Why doesn't this code scale linearly?

Question

I wrote this SOR solver code. Don't bother too much what this algorithm does, it is not the concern here. But just for the sake of completeness: it may solve a linear system of equations, depending on how well conditioned the system is.

I run it with an ill conditioned 2097152 rows sparce matrix (that never converges), with at most 7 non-zero columns per row.

Translating: the outer do-while loop will perform 10000 iterations (the value I pass as max_iters), the middle for will perform 2097152 iterations, split in chunks of work_line, divided among the OpenMP threads. The innermost for loop will have 7 iterations, except in very few cases (less than 1%) where it can be less.

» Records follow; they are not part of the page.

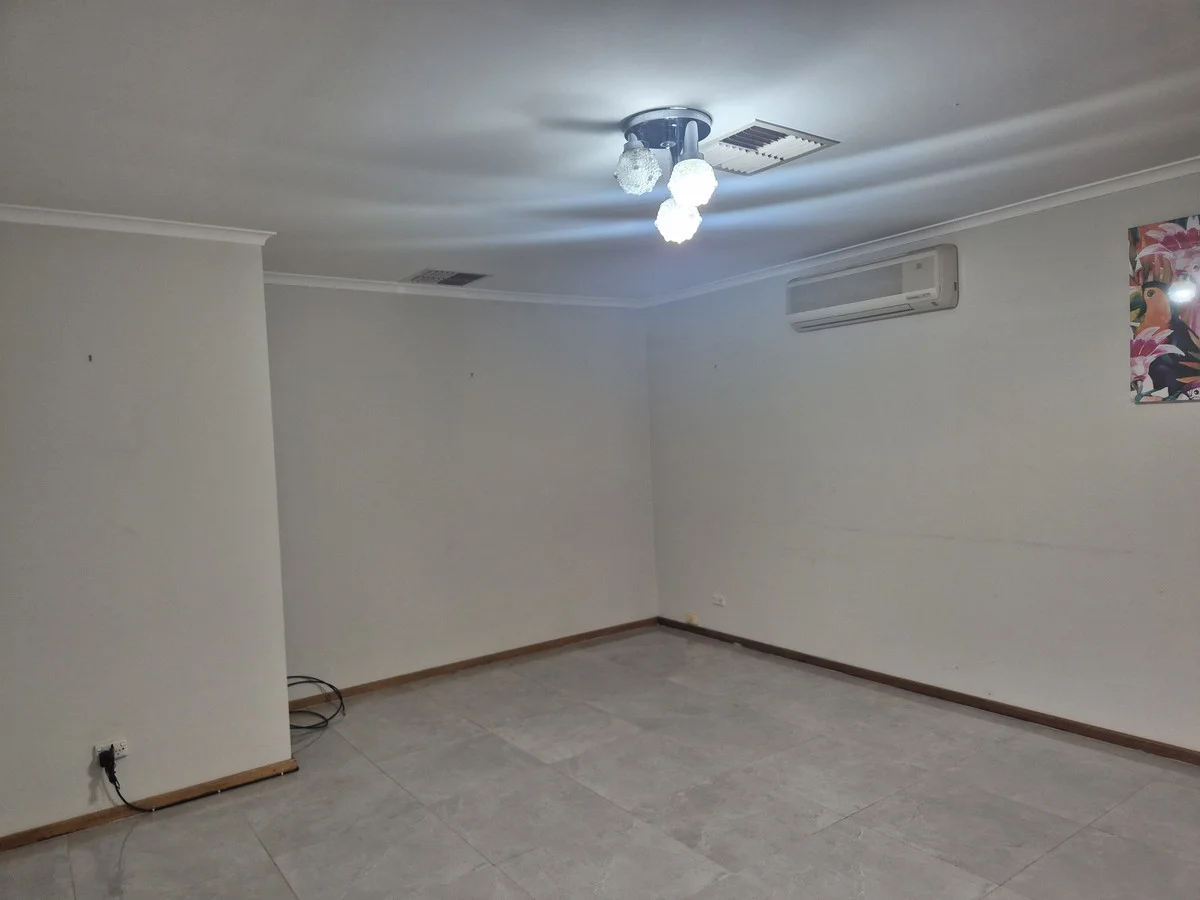 Additional image 5 of 9 Platt Street, Port Augusta West SA 5700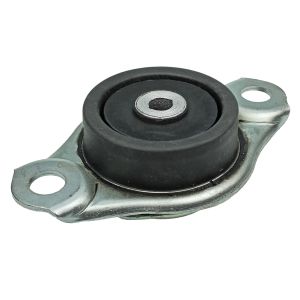 Rolamento, motor MEYLE 214 030 0060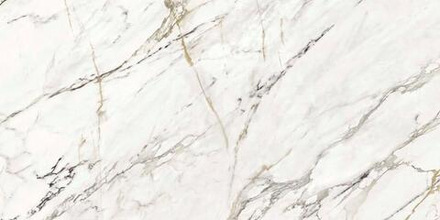 STN Ceramica Nais White 60x120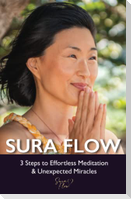 Sura Flow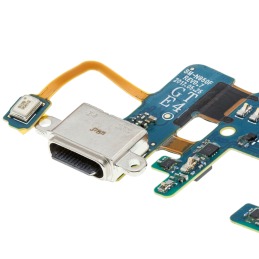 Ladebuchse für Samsung Galaxy Note 8 / N950F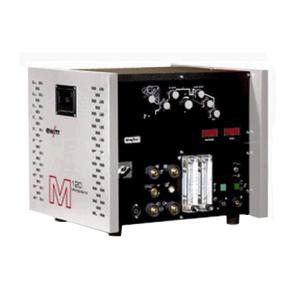 EWM等離子焊接機(jī) microplasma 120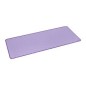 Alfombrilla LOGITECH Studio Series Lavanda (956-000054) Alfombrilla LOGITECH Studio Series Lavanda (956-000054)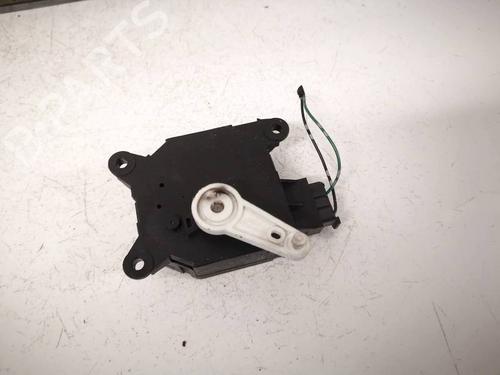 Electronic module NISSAN NOTE (E11, NE11) 1.6 | BP36518144M83 - Image 3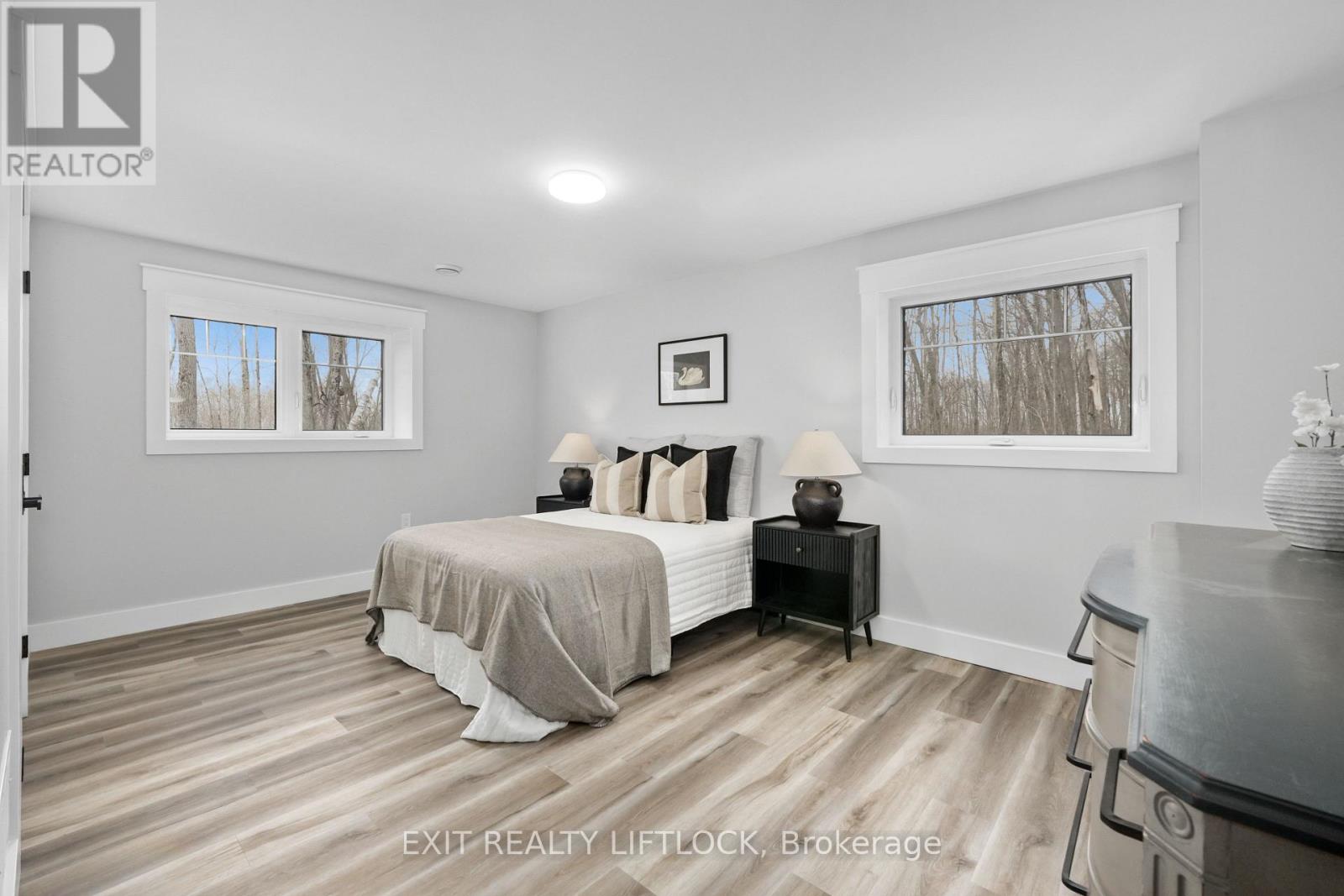 11 Rory Drive N, Selwyn, Ontario  K0L 2H0 - Photo 31 - X12108076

There is data dependency among the threads in the values of sol array. Each iteration of the middle for updates one element but reads up to 6 other elements of the array. Since SOR is not an exact algorithm, when reading, it can have any of the previous or the current value on that position (if you are familiar with solvers, this is a Gauss-Siedel that tolerates Jacobi behavior on some places for the sake of parallelism).

typedef struct{
    size_t size;

    unsigned int *col_buffer;
    unsigned int *row_jumper;
    real *elements;
} Mat;

int work_line;

// Assumes there are no null elements on main diagonal
unsigned int solve(const Mat* matrix, const real *rhs, real *sol, real sor_omega, unsigned int max_iters, real tolerance)
{
    real *coefs = matrix->elements;
    unsigned int *cols = matrix->col_buffer;
    unsigned int *rows = matrix->row_jumper;
    int size = matrix->size;
    real compl_omega = 1.0 - sor_omega;
    unsigned int count = 0;
    bool done;

    do {
        done = true;
        #pragma omp parallel shared(done)
        {
            bool tdone = true;

            #pragma omp for nowait schedule(dynamic, work_line)
            for(int i = 0; i < size; ++i) {
                real new_val = rhs[i];
                real diagonal;
                real residual;
                unsigned int end = rows[i+1];

                for(int j = rows[i]; j < end; ++j) {
                    unsigned int col = cols[j];
                    if(col != i) {
                        real tmp;
                        #pragma omp atomic read
                        tmp = sol[col];

                        new_val -= coefs[j] * tmp;
                    } else {
                        diagonal = coefs[j];
                    }
                }

                residual = fabs(new_val - diagonal * sol[i]);
                if(residual > tolerance) {
                    tdone = false;
                }

                new_val = sor_omega * new_val / diagonal + compl_omega * sol[i];
                #pragma omp atomic write
                sol[i] = new_val;
            }

            #pragma omp atomic update
            done &= tdone;
        }
    } while(++count < max_iters && !done);

    return count;
}

As you can see, there is no lock inside the parallel region, so, for what they always teach us, it is the kind of 100% parallel problem. That is not what I see in practice.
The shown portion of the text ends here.